Would you copy out each line of the records below that includes the word "Wood"?

● Information
━━━━━━━━

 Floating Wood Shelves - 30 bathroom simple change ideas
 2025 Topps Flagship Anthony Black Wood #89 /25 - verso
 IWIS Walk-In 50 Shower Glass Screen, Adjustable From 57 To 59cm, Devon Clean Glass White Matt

━━━━━━━━

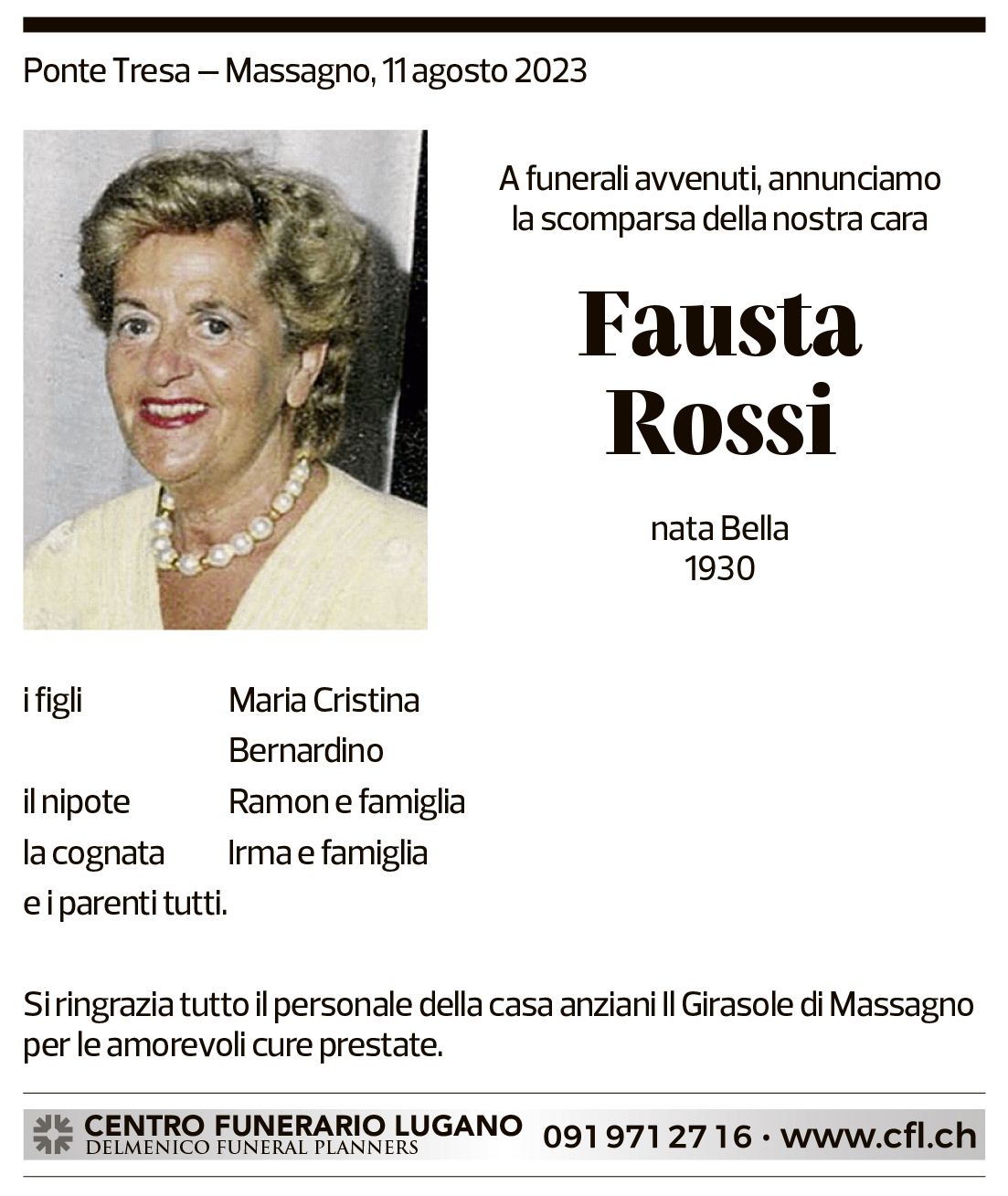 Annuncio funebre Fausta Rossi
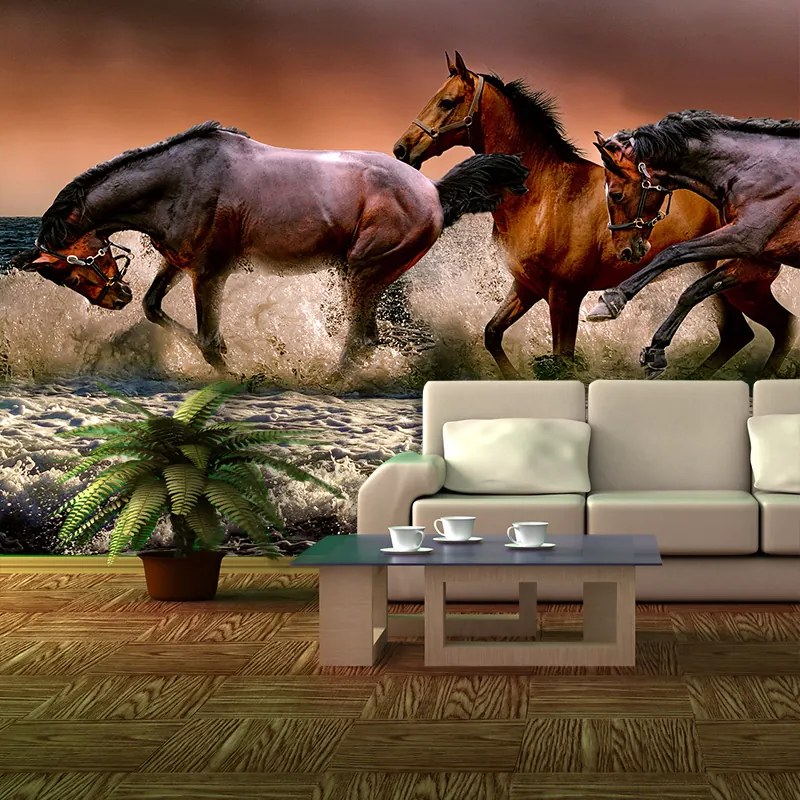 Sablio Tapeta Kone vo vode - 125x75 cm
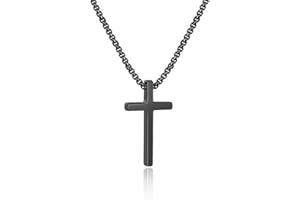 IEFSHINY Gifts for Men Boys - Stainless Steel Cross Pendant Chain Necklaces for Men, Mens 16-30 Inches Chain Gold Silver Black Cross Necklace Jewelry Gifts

━━━━━━━━

● Answer
 Floating Wood Shelves - 30 bathroom simple change ideas
 2025 Topps Flagship Anthony Black Wood #89 /25 - verso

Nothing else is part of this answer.